Would you write out every entry exactly, but without the pictures?

········

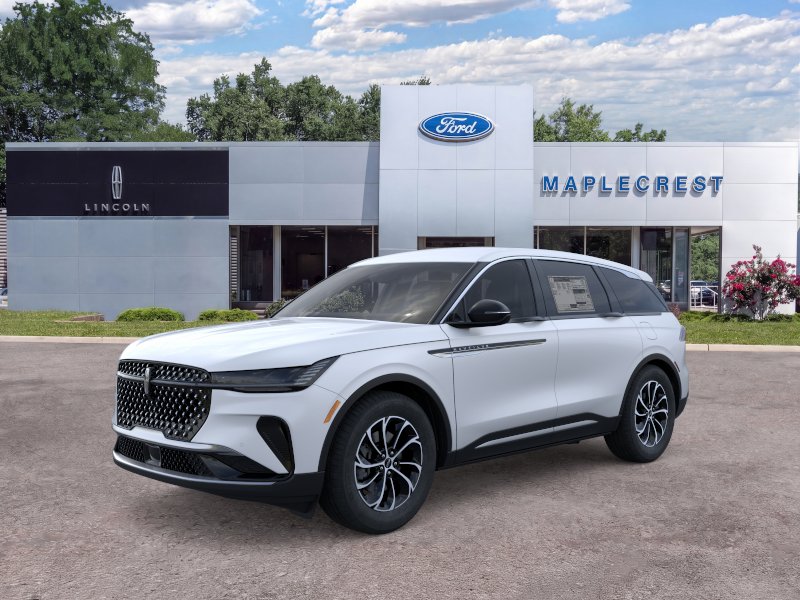 2026 Lincoln Nautilus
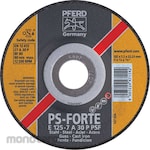 PFERD Grinding Wheel E125-7A30PPSF (Batu Gerinda Poles)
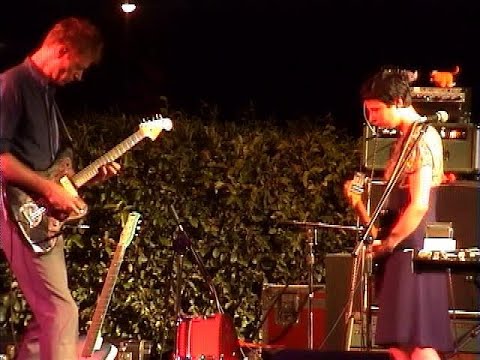 SCARNELLA Nels Cline+Carla Bozulich Long Beach 6/12/98 multi-channel Audio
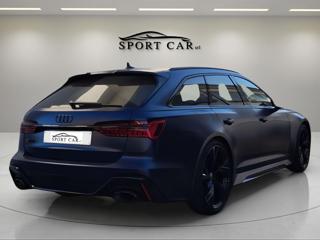 AUDI RS6 usata, con Airbag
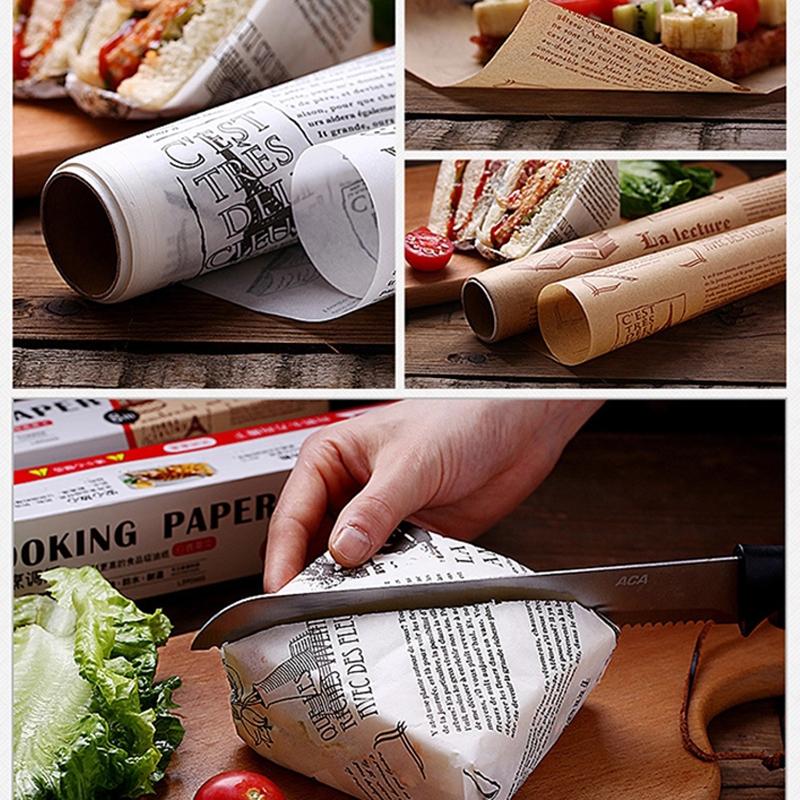 Papier de cuisine professionnel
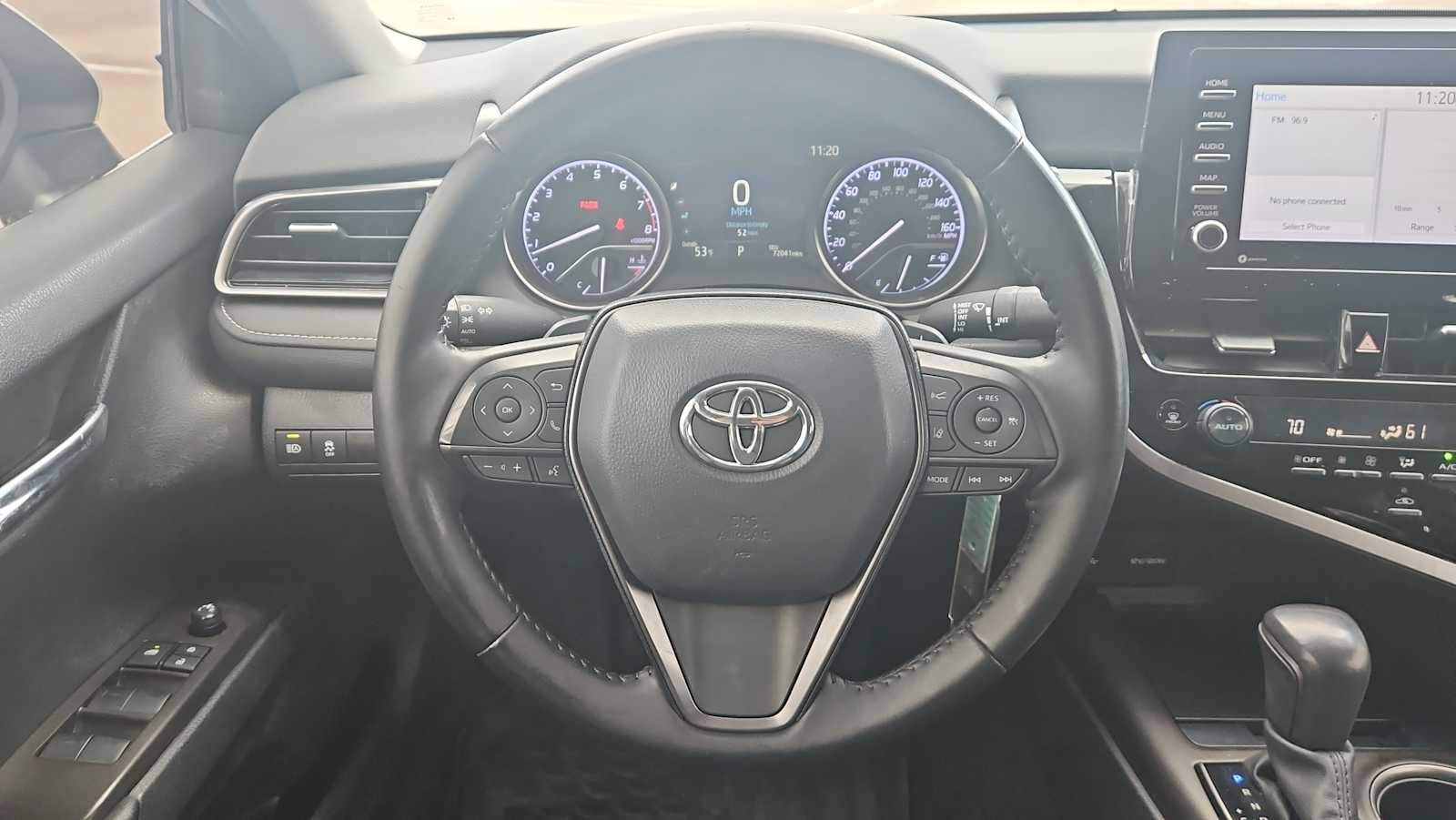 Thumbnail: 2023 Toyota Camry - 11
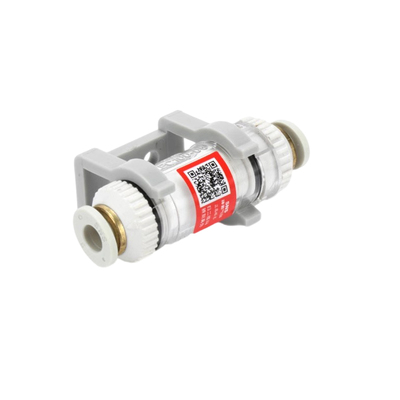 SNS神驰气动负压管道型真空过滤器ZFC100-04B/06B ZFC200-06B/08B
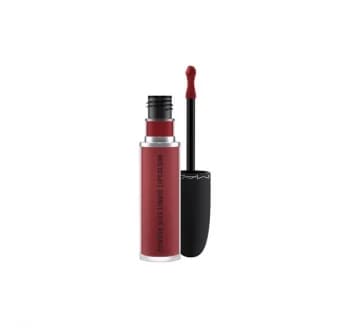 Image of MAC powder kiss liquid lipcolour - Fashion Emergency - 5 ML / 0.17 OZ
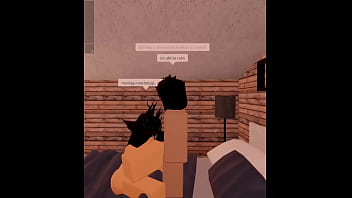 Roblox slut ass pounded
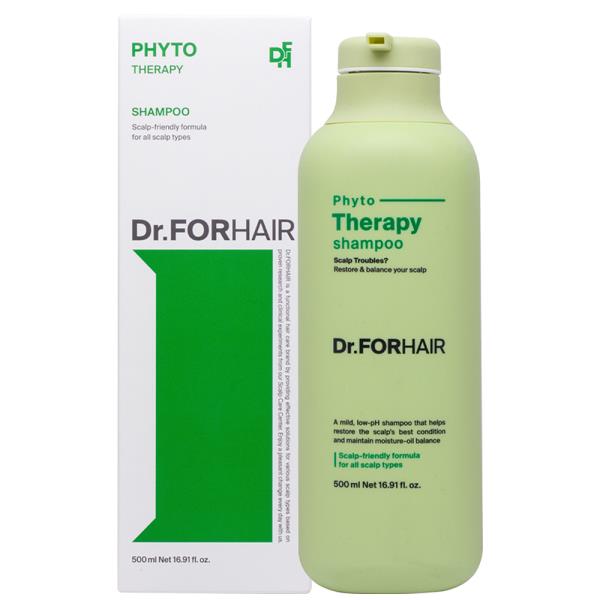 DR FORHAIR PHYTO THERAPY SHAMPOO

········

- Problem solution -
 2026 Lincoln Nautilus
 PFERD Grinding Wheel E125-7A30PPSF (Batu Gerinda Poles)
 SCARNELLA Nels Cline+Carla Bozulich Long Beach 6/12/98 multi-channel Audio
 AUDI RS6 usata, con Airbag
 Papier de cuisine professionnel
 Thumbnail: 2023 Toyota Camry - 11
 SNS神驰气动负压管道型真空过滤器ZFC100-04B/06B ZFC200-06B/08B
 Image of MAC powder kiss liquid lipcolour - Fashion Emergency - 5 ML / 0.17 OZ
 Roblox slut ass pounded
 DR FORHAIR PHYTO THERAPY SHAMPOO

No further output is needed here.